Among Kanai’s achievements is her ability to make Natsumi’s porousness into a worldview of sorts. Midway through Mild Vertigo, a friend of Natsumi’s clips and photocopies a review of a photography exhibition for her, which Kanai includes in full. Initially, the essay seems bafflingly unrelated to the novel’s themes, but gradually, the critic begins to praise the open, lingering quality of the photographer’s gaze, admiring the “placid sensuality and supremely personal curiosity [the photos direct] at a particular momentary scene.” It’ll hardly be lost on readers that Natsumi’s gaze has precisely the same quality. In fact, by this point in the novel, they are likely to have picked up a bit of it, if only temporarily.

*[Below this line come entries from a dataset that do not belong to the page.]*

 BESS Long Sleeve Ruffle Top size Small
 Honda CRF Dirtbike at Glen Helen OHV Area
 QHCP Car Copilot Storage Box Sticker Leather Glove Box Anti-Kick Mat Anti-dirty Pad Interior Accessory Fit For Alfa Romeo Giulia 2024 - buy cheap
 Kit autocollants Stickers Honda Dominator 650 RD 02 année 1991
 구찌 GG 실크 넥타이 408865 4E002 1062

Mild Vertigo comes with an afterword by the American novelist Kate Zambreno, whose work tends toward the dreamy and meditative. She is, perhaps, an especially porous reader and writer; she seems to soak up so much of Natsumi’s perspective that her essay, which is loosely about the overlaps between Mild Vertigo and her own life in 2020s Brooklyn, reads like an admiring imitation of Kanai’s novel. (For writers, imitation is not only a form of flattery but also a valuable tool.) At no point does Zambreno reflect seriously on the differences between being a housewife in 1990s Tokyo and a working writer in contemporary New York, which is frustrating, but her contribution effectively shows “the interior of an experience of a novel like this, how a novel invades you, as much as you invade it.” Mild Vertigo is, indeed, an invasive novel about feeling invaded, a cautionary tale about the domesticity messaging that inundates women that is also an invitation to luxuriate in it. Reading it made me want to both flee my house and clean it.

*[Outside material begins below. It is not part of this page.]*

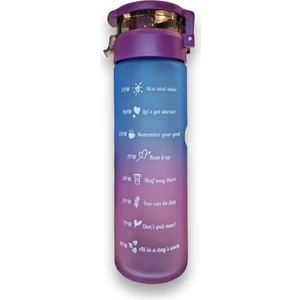 Help Steps Cam Motivasyon Matarası - Tutamaçlı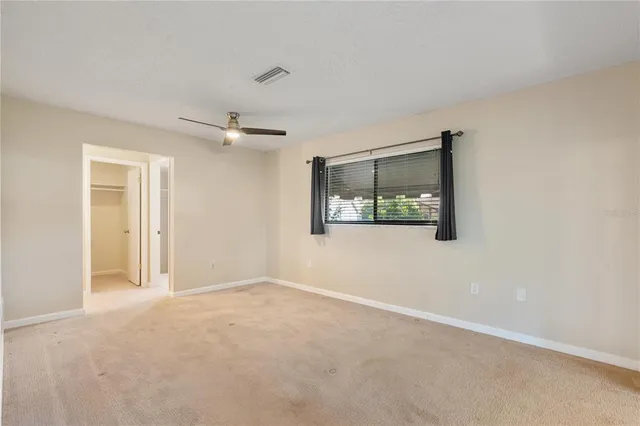 an empty room with a window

Mild Vertigo captures a truth that’s hard to acknowledge, let alone discuss. For many, many women, home and marriage mean restriction and confinement, and yet many, many women love and glory in their marriages and homes. Context—cultural, personal, temporal—changes this tension without erasing it. A realist might suggest that this cognitive disconnect cannot be erased without significant structural changes in nearly every country across the globe; a cautious optimist would perhaps add that, in an egalitarian future, men and women might share the burdens of this enigma equally. We do all need homes; we all deserve clean, safe, warm, and welcoming ones. Mild Vertigo’s detailed attention and moments of beauty honor the work of creating such a space, and its steep descents into unhappiness and revulsion demonstrate the sometimes-staggering emotional cost of doing so. Of all the many things in Mild Vertigo to admire, perhaps the biggest one is that Kanai gets the paradox of domesticity right.